Příběh kriminálního rady (“The Story of a Police Commissioner”) is a Czech crime novel by Ladislav Fuks. The protagonist, Viki, is a teenage boy raised by his despotic father, Police Commissioner Heumann. The novel takes place in the capitol of an unnamed Western European state. It was first published in 1971. It has been translated into Hungarian, Polish and Romanian.

The 1978 Polish film Wśród nocnej ciszy, written and directed by Tadeusz Chmielewski, was adapted from the novel. In 1994, it was adapted into a Czech television film of the same name, directed by Dušan Klein and with a screenplay by Bohumila Zelenkovál. Czech Radio released an abridged audiobook version in 2013.

== Plot ==
Teenage boy Viki Heumann felt isolated and abandoned at home. His mother died when he was a child, and he has been raised solely by his father, the Chief Police Commissioner, a cold, demanding man and an advocate against the abolition of the death penalty.

Commissioner Heumann is investigating the unsolved murders of two young children, both occurring in villages just outside of the city. Viki, observing his father's efforts, believes his father is struggling to solve the case, and, in an effort to prove his worth to his father, decides to investigate the homicides himself.

During this time, Viki and his boyfriend, Barry, are planning for an adventurous trip to Turkey next summer. One day, Viki comes home late, and his father forbids him from going on the trip. The Heumann family butler, a man Viki respects, advises Viki against trying to solve the murders alone. Later, a third child is murdered, and public pressure mounts. If the Commissioner fails to solve the cases quickly, he will be forced to resign from his position.

Suddenly, the Commissioner rescinds his decision, allowing Viki go to Turkey. He offers to give his son a ride. On the drive, the Commissioner explains that the murderer is to be caught in the fields on the outskirts of the city, telling Vicki that he will at least see the closure to the case he was so interested in. Once in the deserted countryside, the Commissioner shoots his son in the back of the head, shedding a mournful tear for the first time since he was a child.

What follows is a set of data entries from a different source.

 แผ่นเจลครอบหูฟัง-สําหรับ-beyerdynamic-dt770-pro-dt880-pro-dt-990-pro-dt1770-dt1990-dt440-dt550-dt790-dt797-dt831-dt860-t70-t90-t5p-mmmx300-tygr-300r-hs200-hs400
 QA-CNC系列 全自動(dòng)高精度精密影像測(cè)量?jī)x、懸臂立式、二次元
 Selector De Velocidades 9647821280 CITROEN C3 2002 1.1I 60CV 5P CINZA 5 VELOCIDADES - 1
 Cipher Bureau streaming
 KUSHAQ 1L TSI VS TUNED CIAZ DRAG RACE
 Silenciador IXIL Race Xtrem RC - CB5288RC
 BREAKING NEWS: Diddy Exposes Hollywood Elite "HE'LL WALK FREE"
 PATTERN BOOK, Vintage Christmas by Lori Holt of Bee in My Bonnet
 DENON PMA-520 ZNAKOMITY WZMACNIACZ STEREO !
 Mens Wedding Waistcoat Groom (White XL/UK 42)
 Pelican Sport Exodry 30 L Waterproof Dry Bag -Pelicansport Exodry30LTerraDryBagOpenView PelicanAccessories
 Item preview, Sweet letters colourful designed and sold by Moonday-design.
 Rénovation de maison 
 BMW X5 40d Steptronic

At the end of the story, the Commissioner catches the perpetrator, a man named Brikcius, who is killed during questioning, thus closing the case. Only Commissioner Heumann and one of his colleagues know the truth: that while Brikcius did murder the first two children, and would therefore have received the death penalty had he not been killed during questioning, the third murder was committed by Viki as an intentional red herring. In an act of revenge against his father, he hoped to make the murders unsolvable so that the Commissioner would lose his position, breaking his spirit. When the Commissioner executed his son, he was punishing him for his crime, doing so extrajudicially to protect the memory and reputation of his son.

== Genre ==
The novel is often described as detective fiction, and while there is a crime at the beginning of the novel and a reveal of the perpetrator at the end, the investigative work by which Brikcius and Viki were discovered is not revealed to the reader and is not essential to the story. The primary emphasis of the novel is on the fractured relationship between father and son, and the power the Commissioner wields in his near-absolute authority, particularly the death penalty.